* EXERCISE DIRECTIONS *
Only the lines below from the one containing "Radhika Apte Shocking" through the one containing "Citroen Jumpy HDi" belong in the answer, repeated exactly and without pictures.

* DATA SUPPLIED *
-- -- --
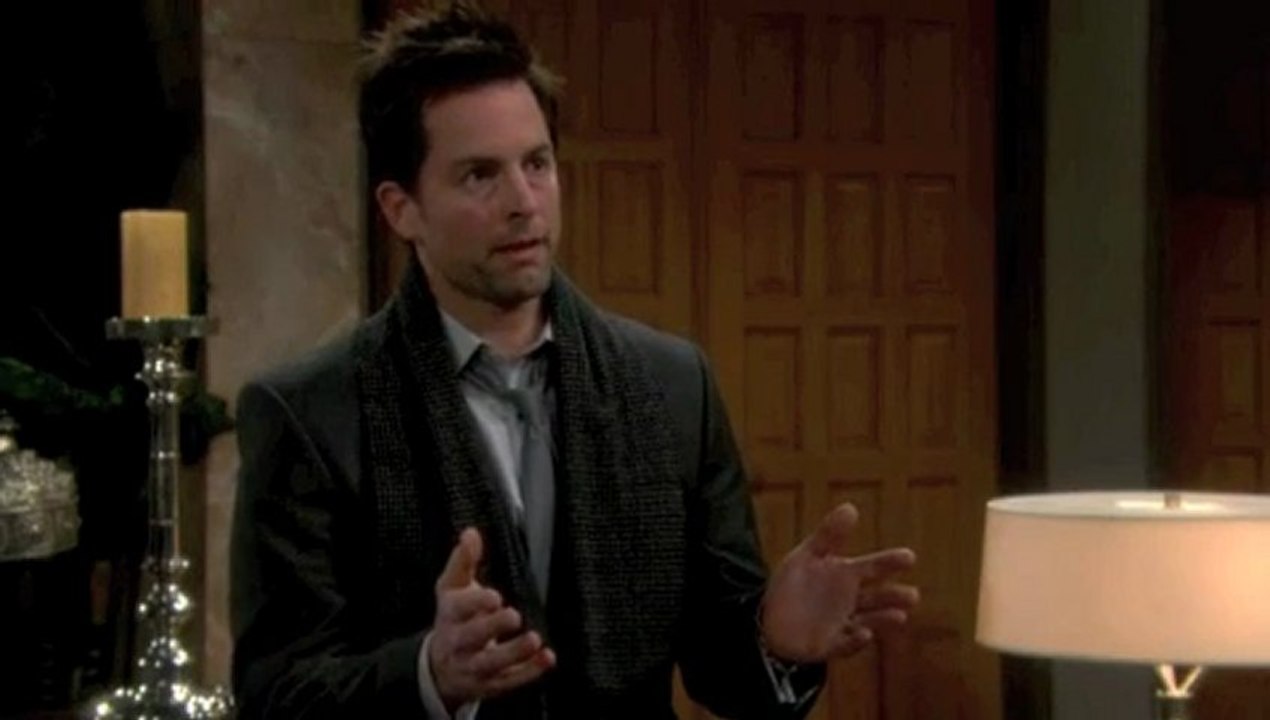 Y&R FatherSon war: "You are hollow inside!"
-- -- --
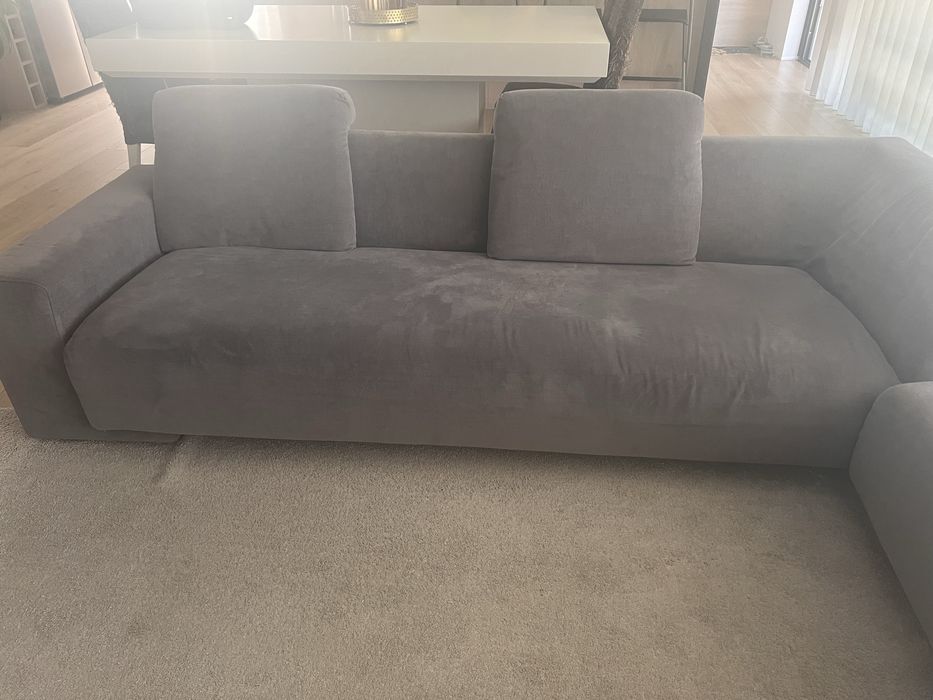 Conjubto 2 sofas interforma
-- -- --
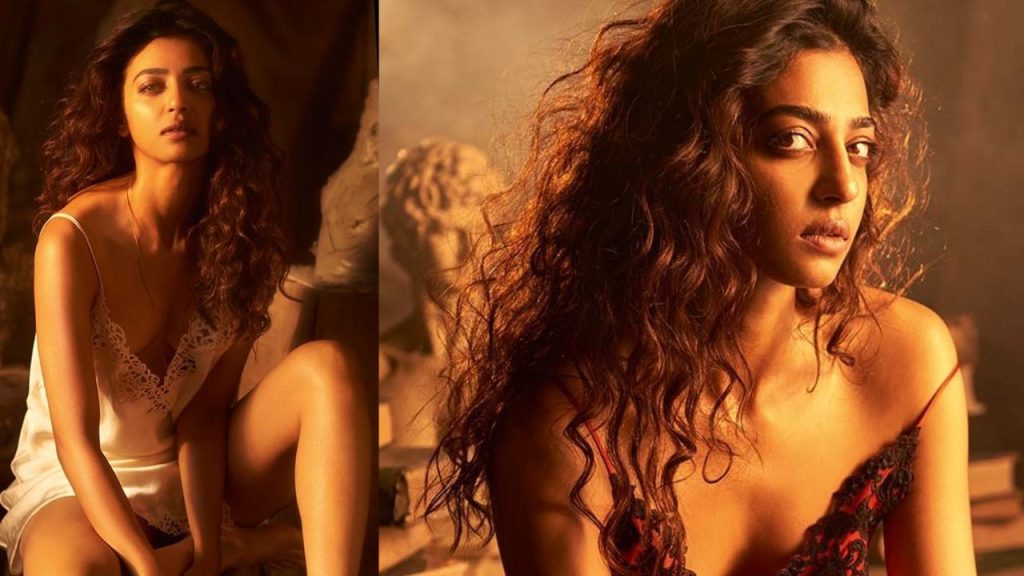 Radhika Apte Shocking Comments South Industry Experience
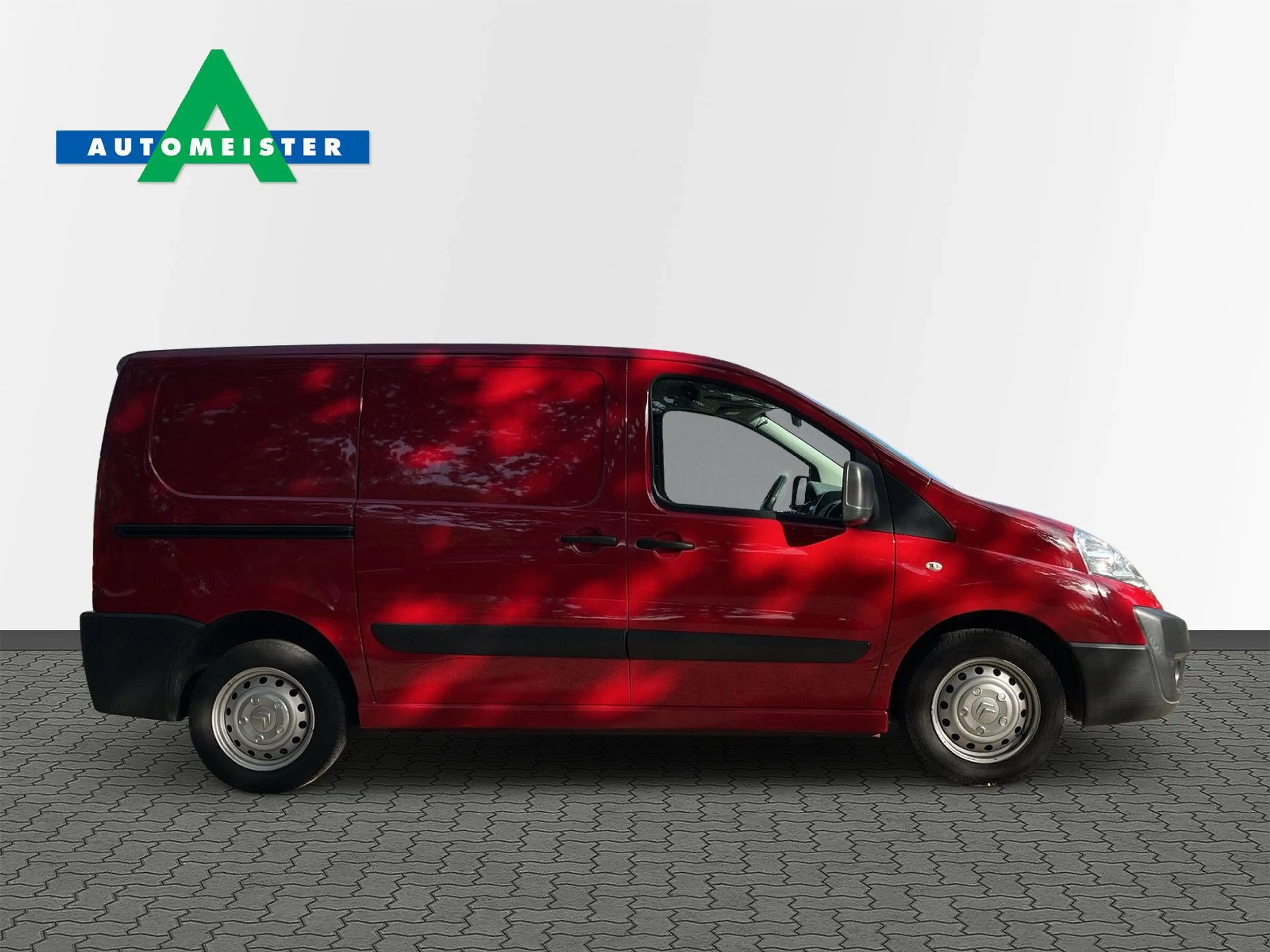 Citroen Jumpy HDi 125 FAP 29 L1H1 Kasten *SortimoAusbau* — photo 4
-- -- --
* REPLY TO THE TASK *
 Radhika Apte Shocking Comments South Industry Experience
 Citroen Jumpy HDi 125 FAP 29 L1H1 Kasten *SortimoAusbau* — photo 4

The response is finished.